3. Configure HBase attributes for Nutch
Modify $ NUTCH_RUNTIME_HOME/conf/nutch-site.xml to add the following Configuration:
<property>
<name>storage.data.store.class</name>
<value>org.apache.gora.hbase.store.HBaseStore</value>
<description>Default class for storing data</description>
</property>
4. Add HBase dependency for Nutch:
Modify $ NUTCH_HOME/ivy. xml (note that $ NUTCH_HOME here refers to the directory where the Nutch is located)
Add (or uncomment) the following configuration
<!-- Uncomment this to use HBase as Gora backend. -->
<dependency org="org.apache.gora" name="gora-hbase" rev="0.6.1" conf="*->default" />
<dependency org="org.apache.hbase" name="hbase-common" rev="0.98.8-hadoop2" conf="*->default" />
5. Configure gora as hbase for Nutch:
Modify $ NUTCH_RUNTIME_HOME/conf/gora. properties
Add (or uncomment) the following configuration
gora.datastore.default=org.apache.gora.hbase.store.HBaseStore
6. Use ant to re-compile and make the configuration take effect:
Run
ant runtime
3. Instructions for using HBase
Whether in standalone or distributed mode, run the following command to test the normal use of HBase:
Start HBase
$ HBASE_HOME/bin/start-hbase.sh
Go to the command line:
$ HBASE_HOME/bin/hbase shell
Commands that can be executed on the command line:
Create 'test', 'cf'
List 'test'
Put 'test', 'row1', 'cf: A', 'value1'
Put 'test', 'row2', 'cf: B ', 'value2'
Put 'test', 'row3', 'cf: C', 'value3'
Scan 'test'
Get 'test', 'row1'
Disable 'test'
Enable 'test'
Drop 'test'
Disable HBase
$ HBASE_HOME/bin/stop-hbase.sh
Instructions for use
Take version 2.3.1 as an example.
1. Create your seeds:
Create a file seeds.txt in the URL directory, and add the URL address in seeds.txt.
2. inject can be understood as creating a crawling task:
$ NUTCH_RUNTIME_HOME/bin/nutch inject urls-crawlId yyy
Here, urls is the folder where the created seed url is located.
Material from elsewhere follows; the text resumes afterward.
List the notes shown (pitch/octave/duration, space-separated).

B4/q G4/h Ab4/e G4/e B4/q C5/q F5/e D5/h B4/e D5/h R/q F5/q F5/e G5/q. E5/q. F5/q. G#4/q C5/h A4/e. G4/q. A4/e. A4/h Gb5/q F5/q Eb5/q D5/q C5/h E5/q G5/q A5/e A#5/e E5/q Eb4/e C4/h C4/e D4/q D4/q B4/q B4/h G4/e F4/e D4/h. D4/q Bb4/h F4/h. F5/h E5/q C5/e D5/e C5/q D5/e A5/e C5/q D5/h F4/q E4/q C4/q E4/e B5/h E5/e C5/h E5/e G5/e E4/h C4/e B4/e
You can use the absolute path.
Yyy is the ID of the crawling task. In HBase, a table of yyy_webpage is created to record the data of all crawling tasks. You can use commands such as list on the HBase command line to view the changes in crawling data.
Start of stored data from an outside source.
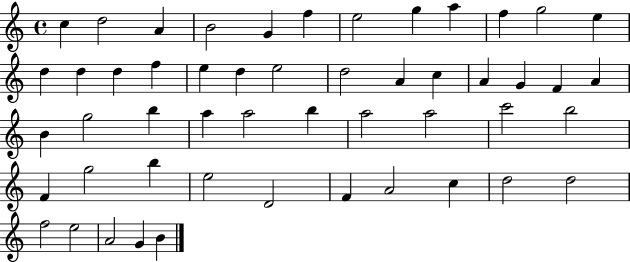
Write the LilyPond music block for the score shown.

{
  \clef treble
  \time 4/4
  \defaultTimeSignature
  \key c \major
  c''4 d''2 a'4 | b'2 g'4 f''4 | e''2 g''4 a''4 | f''4 g''2 e''4 | \break d''4 d''4 d''4 f''4 | e''4 d''4 e''2 | d''2 a'4 c''4 | a'4 g'4 f'4 a'4 | \break b'4 g''2 b''4 | a''4 a''2 b''4 | a''2 a''2 | c'''2 b''2 | \break f'4 g''2 b''4 | e''2 d'2 | f'4 a'2 c''4 | d''2 d''2 | \break f''2 e''2 | a'2 g'4 b'4 | \bar "|."
}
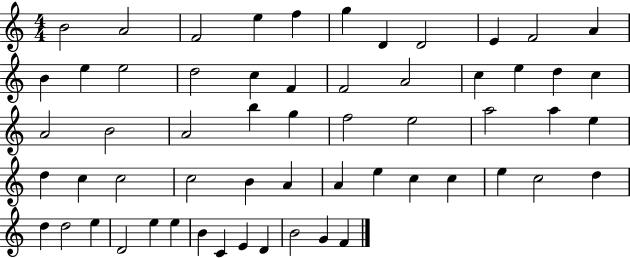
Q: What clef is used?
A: treble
3. generate the link to be crawled
$ NUTCH_RUNTIME_HOME/bin/nutch generate-crawlId yyy
4. fetch crawls web pages
$ NUTCH_RUNTIME_HOME/bin/nutch fetch-all-crawlId yyy-threads 4
5. parse webpage data
$ NUTCH_RUNTIME_HOME/bin/nutch parse-crawlId yyy-all
6. updata updates the database
$ NUTCH_RUNTIME_HOME/bin/nutch updatedb-all-crawlId yyy
7. Repeat steps 2-6 to continue the next in-depth crawling.
For detailed optional command parameters, refer to the official website of Nutch.